Questo per quanto riguarda lo Spazio, e la Luna?

L'umanità ha abbandonato sulla superficie lunare circa 170.000kg (170 tonnellate) di oggetti vari la maggior parte dei quali non sono più utili e possono essere considerati spazzatura spaziale o lunare.

Oltre a bandiere, stendardi e altro ci sono gli oggetti personali lasciati dagli astronauti come ad esempio la palla da golf diAlan Shepard abbandonata durante la missione Apollo 14 o la statuetta denominata Fallen Astronaut (Astronauta Caduto) lasciata sul suolo lunare dell'equipaggio dell'Apollo 15 per ricordare gli astronauti di tutte le nazioni morti durante la corsa allo spazio.

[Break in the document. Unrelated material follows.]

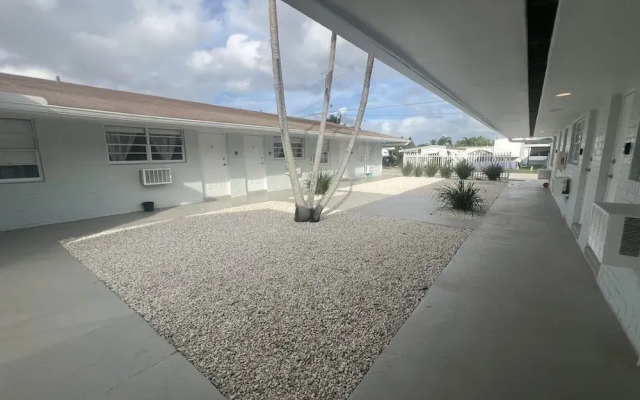 Sunset Inn - Hallandale Beach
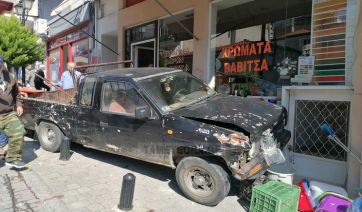 Σκηνές πανικού στη λαϊκή αγορά Καλαμπάκας – ΙΧ παρέσυρε τρία άτομα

Il Fallen Astronaut al momento attuale è l'unico manufatto artistico su un suolo diverso da quello della Terra.

Sono stati portati sulla Terra invece 382 kg di rocce lunari prelevati durante le missioni del programma Apollo e Luna.

Tra gli oggetti artificiali che sono ancora utilizzati per scopi scientifici vi sono i riflettori usati negli esperimenti di Lunar Laser Ranging che furono installati dagli astronauti delle missioni Apollo 11, 14 e 15.

Questi riflettori, che non necessitano di nessuna alimentazione, sono stati utilizzati per condurre esperimenti sulla gravità e oggi dopo 48 anni funzionano ancora perfettamente.

Nessuno degli oggetti artificiali rimasti sulla Luna è direttamente osservabile dalla Terra, questo perché anche i migliori telescopi compreso l'Hubble possono risolvere oggetti sulla superficie lunare aventi dimensioni minime di 60 metri.

Gli oggetti più grandi abbandonati sono i moduli di discesa del Lem che hanno un diametro di circa 10 metri.

Insomma siamo riusciti a sporcare non solo la Terra ma anche lo Spazio e i costi per la bonifica di entrambi sono e saranno costosissimi ed è un problema che riguarda tutti.

E in entrambi i casi la soluzione sta diventando urgente.